Cynthia Rudin, Duke University
Scoring Systems: At the Extreme of Interpretable Machine Learning
Abstract: With widespread use of machine learning, there have been serious societal consequences from using black box models for high-stakes decisions, including flawed bail and parole decisions in criminal justice, flawed models in healthcare, and black box loan decisions in finance. Interpretability of machine learning models is critical in high stakes decisions. In this talk, I will focus on one of the most fundamental and important problems in the field of interpretable machine learning: optimal scoring systems. Scoring systems are sparse linear models with integer coefficients. Such models first started to be used ~100 years ago. Generally, such models are created without data, or are constructed by manual feature selection and rounding logistic regression coefficients, but these manual techniques sacrifice performance; humans are not naturally adept at high-dimensional optimization. I will present the first practical algorithm for building optimal scoring systems from data. This method has been used for several important applications to healthcare and criminal justice.
I will mainly discuss work from three papers:
Learning Optimized Risk Scores. Journal of Machine Learning Research, 2019. http://jmlr.org/papers/v20/18-615.html
The Age of Secrecy and Unfairness in Recidivism Prediction. Harvard Data Science Review, 2020.
https://hdsr.mitpress.mit.edu/pub/7z10o269
Association of an Electroencephalography-Based Risk Score With Seizure Probability in Hospitalized Patients. JAMA Neurology, 2017.

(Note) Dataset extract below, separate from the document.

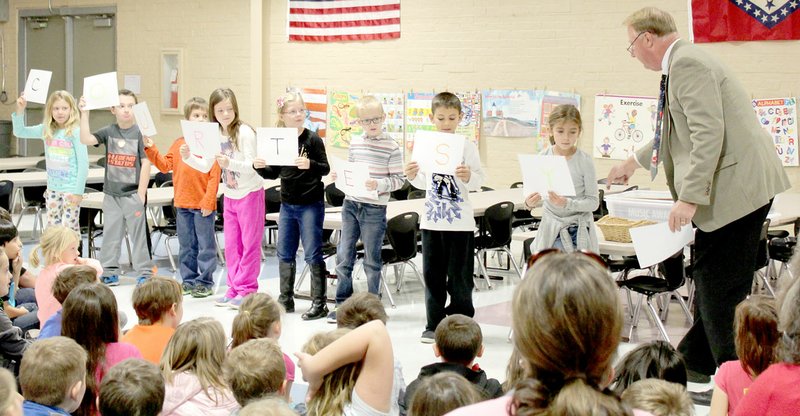 Photo Submitted by Zane Vanderpool Children at Glenn Duffy Elementary School spell and cheer the word &quot;Courtesy&#x201d; at the PAWS Skills Assembly.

https://jamanetwork.com/journals/jamaneurology/fullarticle/2656833?utm_source=jps&utm_medium=email&utm_campaign=author_alert-jamanetwork&utm_content=author-author_engagement&utm_term=1m
Bio: Cynthia Rudin is a professor of computer science, electrical and computer engineering, statistical science, mathematics, and biostatistics & bioinformatics at Duke University. She directs the Interpretable Machine Learning Lab, whose goal is to design predictive models with reasoning processes that are understandable to humans. Her lab applies machine learning in many areas, such as healthcare, criminal justice, and energy reliability. She holds an undergraduate degree from the University at Buffalo, and a PhD from Princeton University. She is the recipient of the 2022 Squirrel AI Award for Artificial Intelligence for the Benefit of Humanity from the Association for the Advancement of Artificial Intelligence (the “Nobel Prize of AI”). She is a fellow of the American Statistical Association, the Institute of Mathematical Statistics, and the Association for the Advancement of Artificial Intelligence. Her work has been featured in many news outlets including the NY Times, Washington Post, Wall Street Journal, and Boston Globe.